ENTRIES SHOWN section start

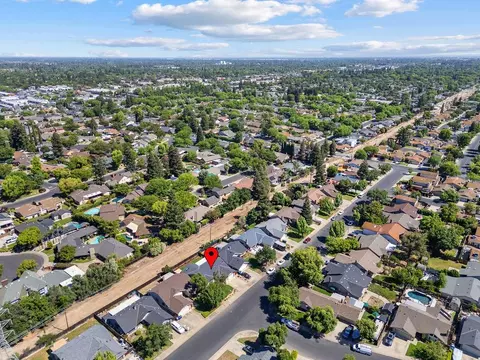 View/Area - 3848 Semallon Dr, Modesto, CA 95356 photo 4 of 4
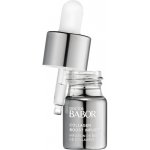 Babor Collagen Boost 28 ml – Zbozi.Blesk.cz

ENTRIES SHOWN section end
ENTRIES SHOWN section start

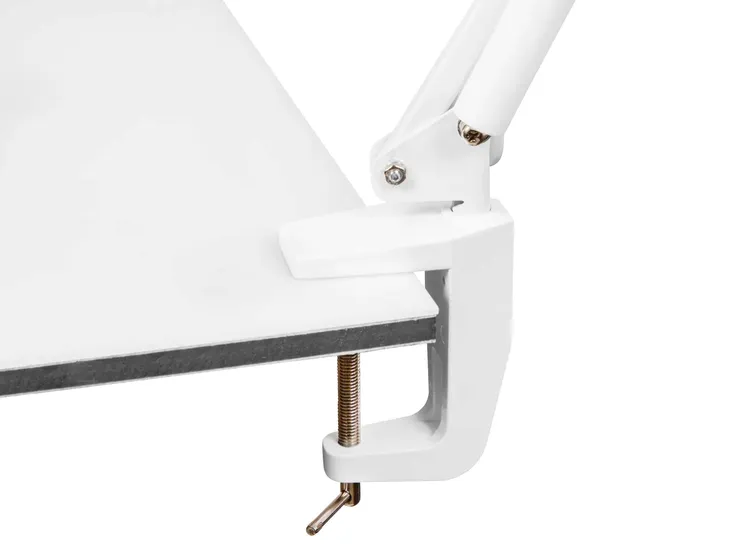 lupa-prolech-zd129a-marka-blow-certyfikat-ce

ENTRIES SHOWN section end

[WHAT THIS TASK INVOLVES] Set down exactly the lines above, from the line containing "View/Area - 3848" through the line containing "Babor Collagen Boost 28 ml – Zbozi.Blesk.cz". Skip the pictures.

[TASK SOLUTION]
 View/Area - 3848 Semallon Dr, Modesto, CA 95356 photo 4 of 4
 Babor Collagen Boost 28 ml – Zbozi.Blesk.cz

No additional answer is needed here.